(Supplied data Opens)

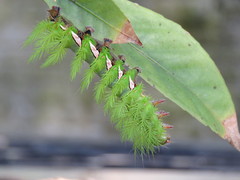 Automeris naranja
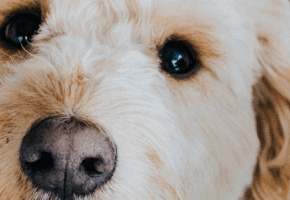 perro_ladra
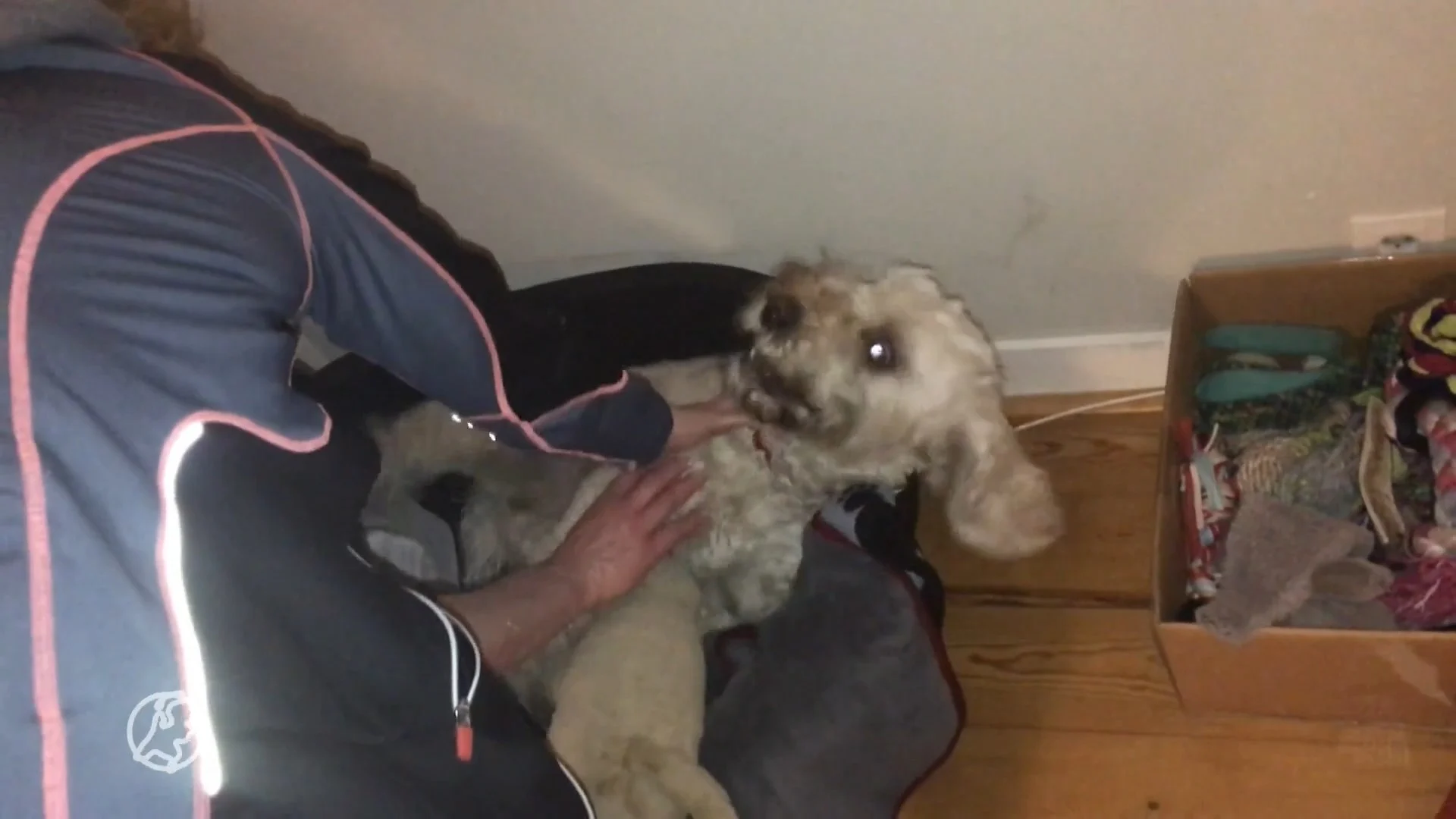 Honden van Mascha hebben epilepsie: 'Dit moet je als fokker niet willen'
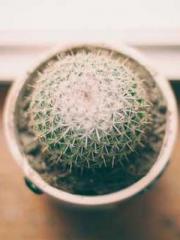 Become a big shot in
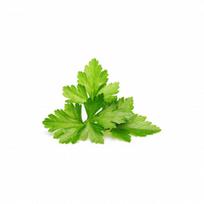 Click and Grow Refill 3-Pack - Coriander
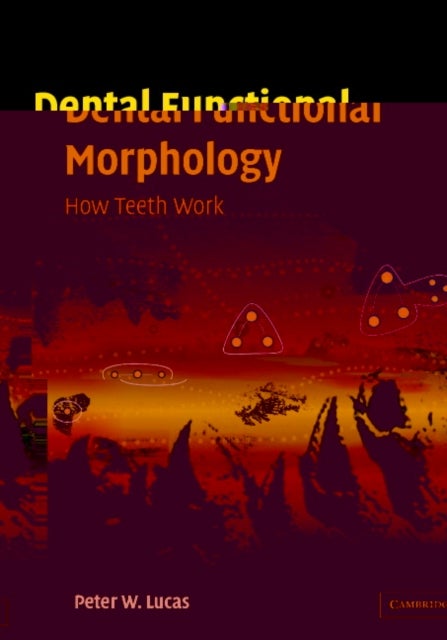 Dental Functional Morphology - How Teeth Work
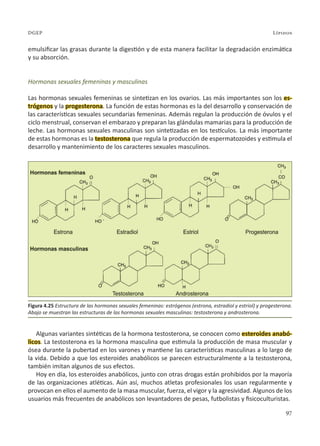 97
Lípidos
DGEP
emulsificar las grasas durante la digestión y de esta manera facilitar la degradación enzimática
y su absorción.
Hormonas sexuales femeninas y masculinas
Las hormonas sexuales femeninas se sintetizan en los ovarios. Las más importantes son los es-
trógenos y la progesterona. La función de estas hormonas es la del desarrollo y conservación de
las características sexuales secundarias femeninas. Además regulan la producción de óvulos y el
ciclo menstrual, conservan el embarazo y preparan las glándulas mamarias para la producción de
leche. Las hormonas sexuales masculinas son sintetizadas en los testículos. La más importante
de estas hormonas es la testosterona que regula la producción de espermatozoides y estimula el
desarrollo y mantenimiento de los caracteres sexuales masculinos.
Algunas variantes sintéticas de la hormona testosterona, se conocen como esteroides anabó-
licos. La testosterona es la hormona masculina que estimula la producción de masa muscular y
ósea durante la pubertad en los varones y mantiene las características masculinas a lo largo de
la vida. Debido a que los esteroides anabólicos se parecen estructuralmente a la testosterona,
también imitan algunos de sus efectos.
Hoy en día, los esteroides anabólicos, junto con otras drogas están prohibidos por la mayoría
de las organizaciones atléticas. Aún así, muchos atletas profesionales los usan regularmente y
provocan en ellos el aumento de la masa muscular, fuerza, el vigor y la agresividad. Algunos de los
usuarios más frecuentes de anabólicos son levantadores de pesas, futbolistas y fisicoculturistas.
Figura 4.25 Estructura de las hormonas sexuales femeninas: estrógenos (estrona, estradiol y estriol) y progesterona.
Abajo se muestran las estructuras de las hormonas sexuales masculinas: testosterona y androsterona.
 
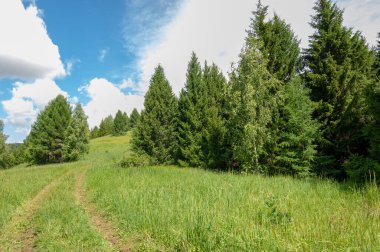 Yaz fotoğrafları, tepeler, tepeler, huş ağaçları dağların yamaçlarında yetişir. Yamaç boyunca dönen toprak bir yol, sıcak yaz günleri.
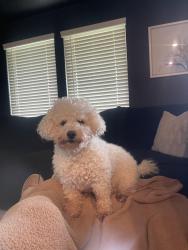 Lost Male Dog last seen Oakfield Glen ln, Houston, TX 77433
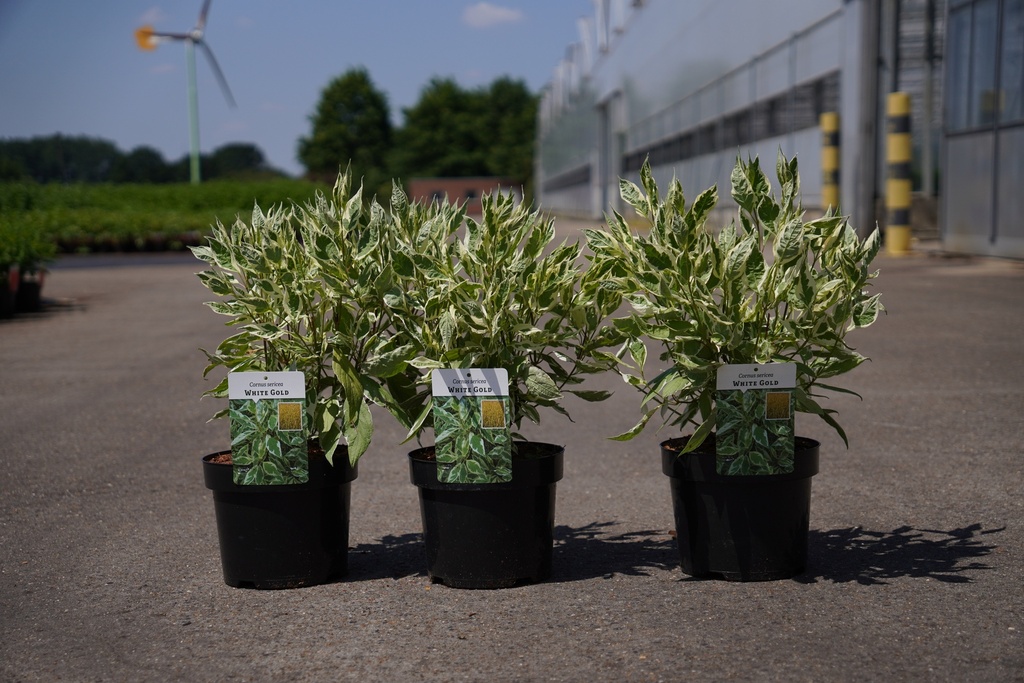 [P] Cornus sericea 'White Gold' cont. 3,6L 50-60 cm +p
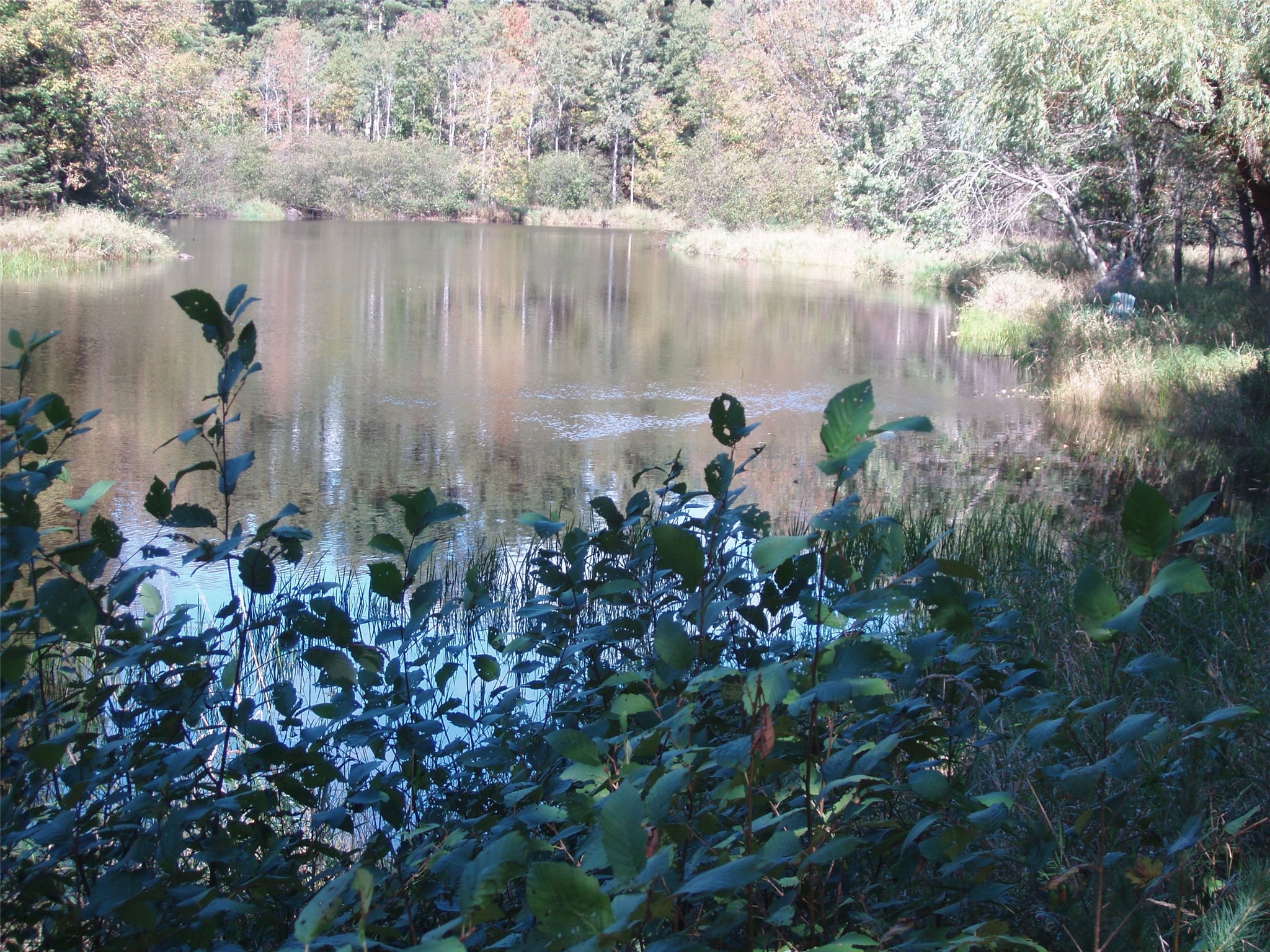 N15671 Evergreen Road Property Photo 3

(Supplied data Closes)

▶ [Brief]
Each line in the listing where the word "anabólicos" is found is to be copied.

▶ [Solution]
la vida. Debido a que los esteroides anabólicos se parecen estructuralmente a la testosterona,
Hoy en día, los esteroides anabólicos, junto con otras drogas están prohibidos por la mayoría
usuarios más frecuentes de anabólicos son levantadores de pesas, futbolistas y fisicoculturistas.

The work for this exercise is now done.